- Your assignment
The response should reproduce exactly the lines from the top of the listing below through the one that contains "a bedroom with", and nothing else; pictures do not belong in it.

- Data for this task
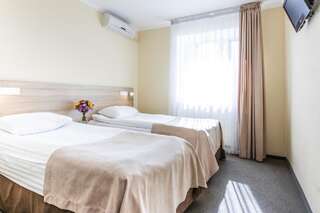 Отель Nikotel Hotel Mykolaiv Николаев Улучшенный двухместный номер с 1 кроватью или 2 отдельными кроватями-4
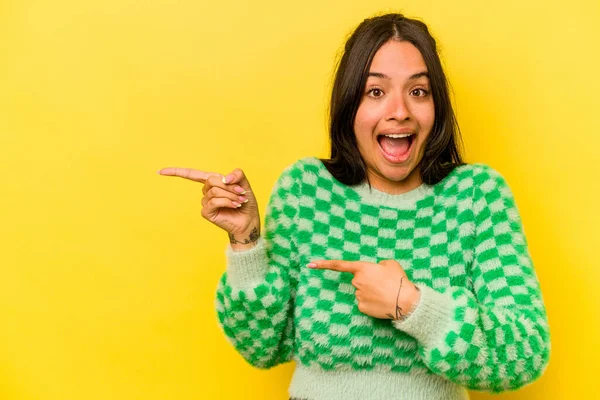 Sarı arka planda izole edilmiş genç İspanyol kadın işaret parmağıyla işaret ettiği için heyecanlı..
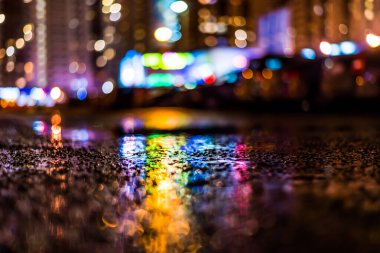 Gece manzarası, ıslak asfalta yansıyan renkli ışıklar.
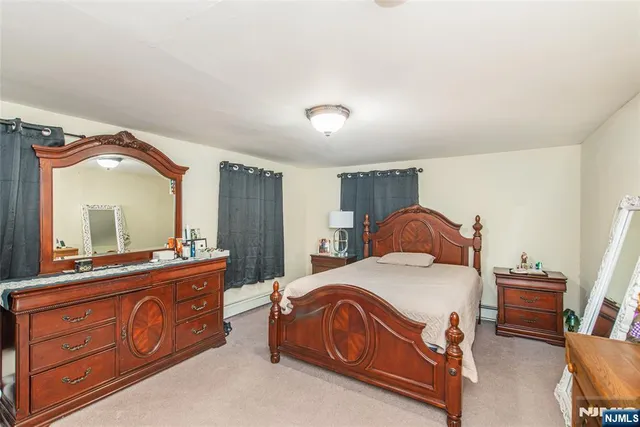 a bedroom with a bed and a bathroom with mirror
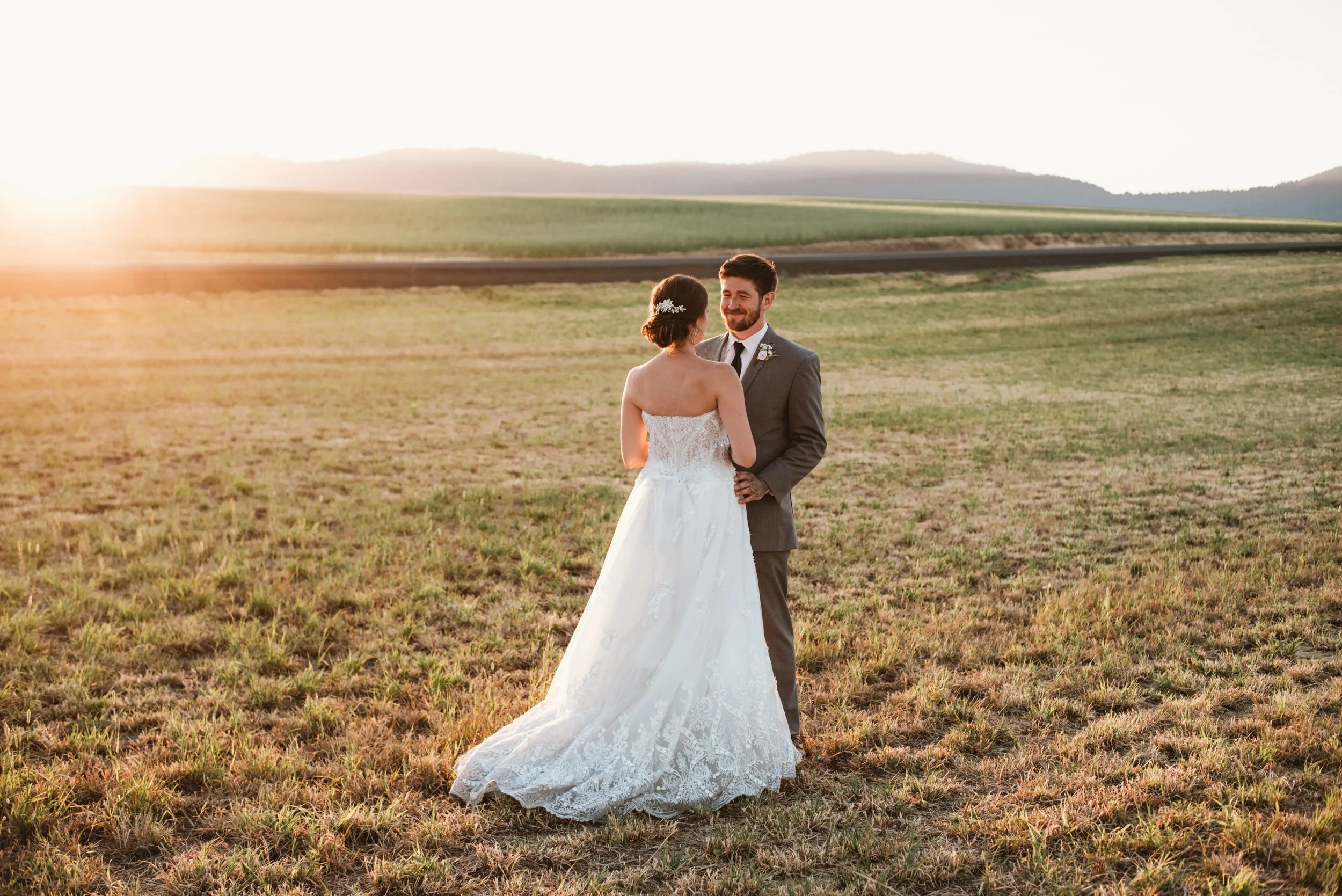 Bride and groom in a field at sunset with mountains in the background.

- Result of the exercise
 Отель Nikotel Hotel Mykolaiv Николаев Улучшенный двухместный номер с 1 кроватью или 2 отдельными кроватями-4
 Sarı arka planda izole edilmiş genç İspanyol kadın işaret parmağıyla işaret ettiği için heyecanlı..
 Gece manzarası, ıslak asfalta yansıyan renkli ışıklar.
 a bedroom with a bed and a bathroom with mirror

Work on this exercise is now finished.